Eleven months before Mom passed through that mysterious veil of time, she told me she wanted to go to Hawaii to see Brooke, her oldest daughter and my big sister. Brooke had spent years caring for mother in all the ways possible when you live three thousand miles across the ocean. 

After traveling together to over 27 countries during that trip around the world, this would be my last adventure with our mother. At the airport en route to Hawaii, Mom befriended an airport employee, Ashama, a young man from Calcutta, India. He helped her into a wheelchair and escorted us through ticketing, security, and, an hour later, finally to our gate - but not before wheeling mom into Pour la France for a cup of tea. "You may perhaps have Darjeeling for my friend Jane?" he asked the hostess, grinning.

A few weeks after Mom died, I wrote this line in my journal, a quote from the Greek author Nikos Kazantzakis. 

"I said to the almond tree, 'Friend, speak to me of God,' and the almond tree blossomed." 

With a late spring snow falling outside the window today, thinking of the May birthdays my mother and sister have shared, I searched online for photos of almond trees in blossom. And accidentally, of course, I found Vincent Van Gogh's famous painting, Blossoming Almond Tree, which my mother loved because of the strong Japanese influence.

When Van Gogh began this painting for his brother's son, he did not know that within a few months he would no longer be painting, would no longer be alive. "I started right away to make a picture for Theo's son," he wrote, "to hang in their bedroom, big branches of white almond blossoms against a blue sky." 

He went on to write, "I felt ill at the time I was doing the almond blossoms.

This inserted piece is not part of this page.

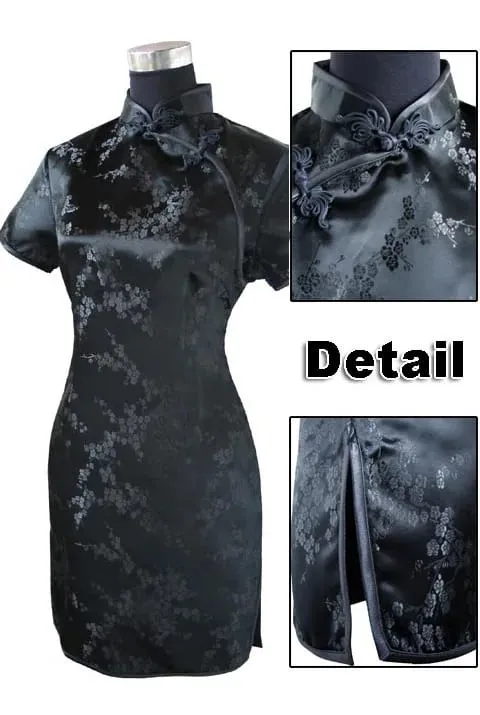 Black Traditional Chinese Women Qipao Dress Sexy Short Mini Cheongsam Handmade Button Flower Large Size 3XL 4XL 5XL 6XL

If I had been able to go on working, you can judge from it that I would have done others of trees in blossom..."  Alas, he had not been able to  go on.

As the snow came down, I searched for more familiar paintings and found Monet's The Luncheon.  

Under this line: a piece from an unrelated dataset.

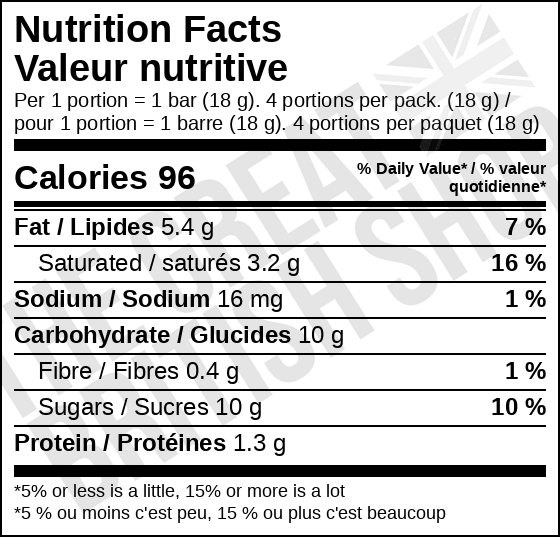Cadbury Freddo - 4 Pack nutrition facts label / valeur nutritive
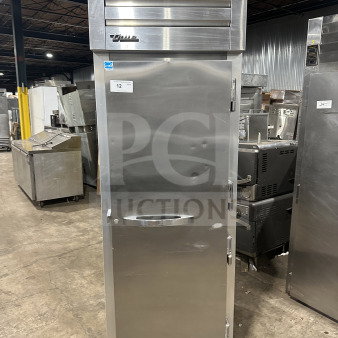 True Spec Series single door stainless steel refrigerator, Model STG1R1SH, Energy Star, on casters, with lock and keys.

Monet died in 1926, the year before our mother (christened Jane Barbot), was born in May of 1927. I find these kinds of connections fascinating. Mom always dreamed of painting, perhaps because a distant relative of ours was the painter John James Masquerier, son of Mary Barbot. 

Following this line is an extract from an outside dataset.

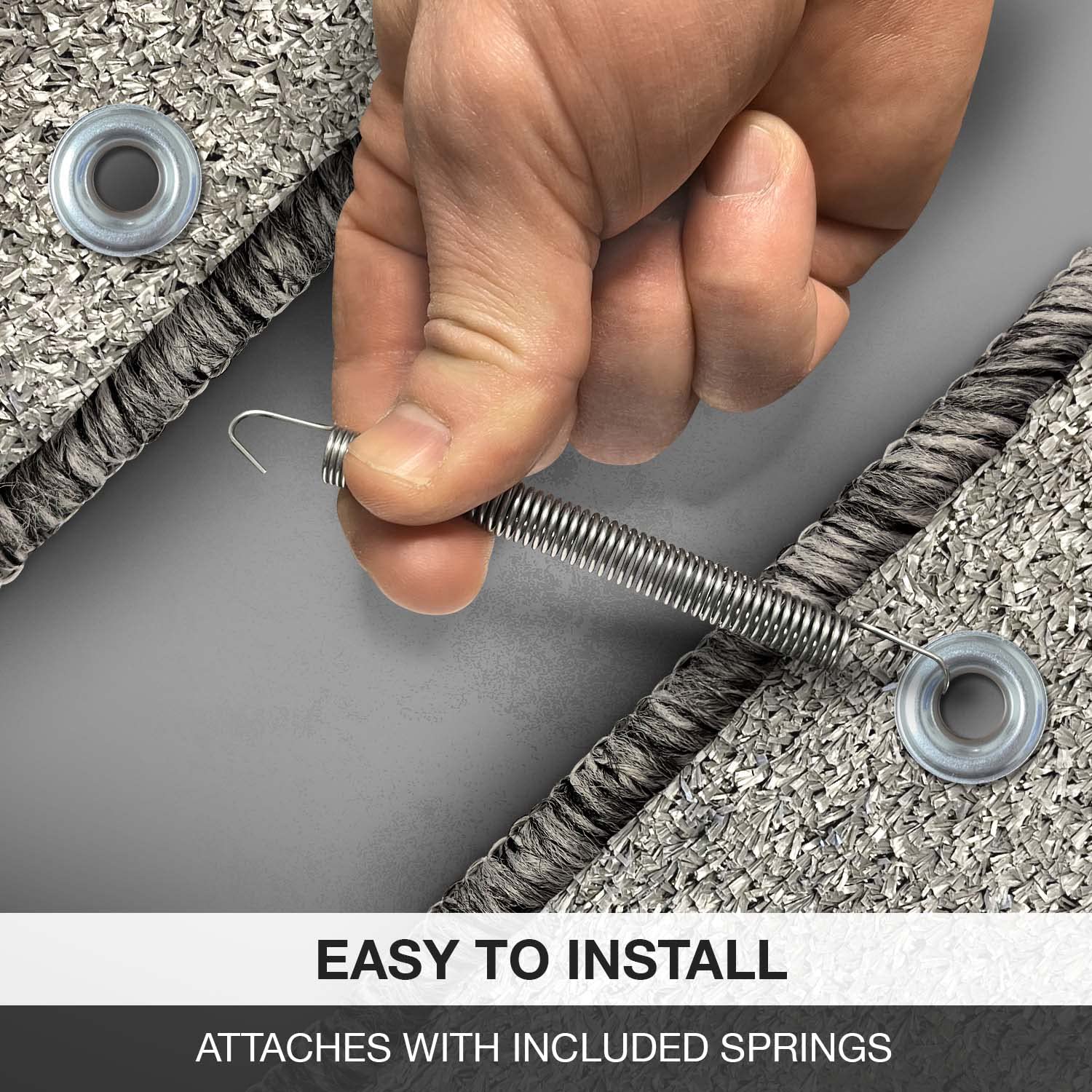 Prest-O-Fit 3-Pack 2-4050 Wraparound Radius Rv Step Rug Stone Gray 22 In. Wide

When I look at Monet's painting The Luncheon, I imagine that Mom and Brooke and I have just had tea and croissants, and Brooke and I are walking in the garden. I imagine Mom with her grandchildren, sitting on the earth with them as her own mother would have done. There are crows in the trees, of course, and perhaps a fox or two hiding in the bushes, which are alive with the blossoms of a new season.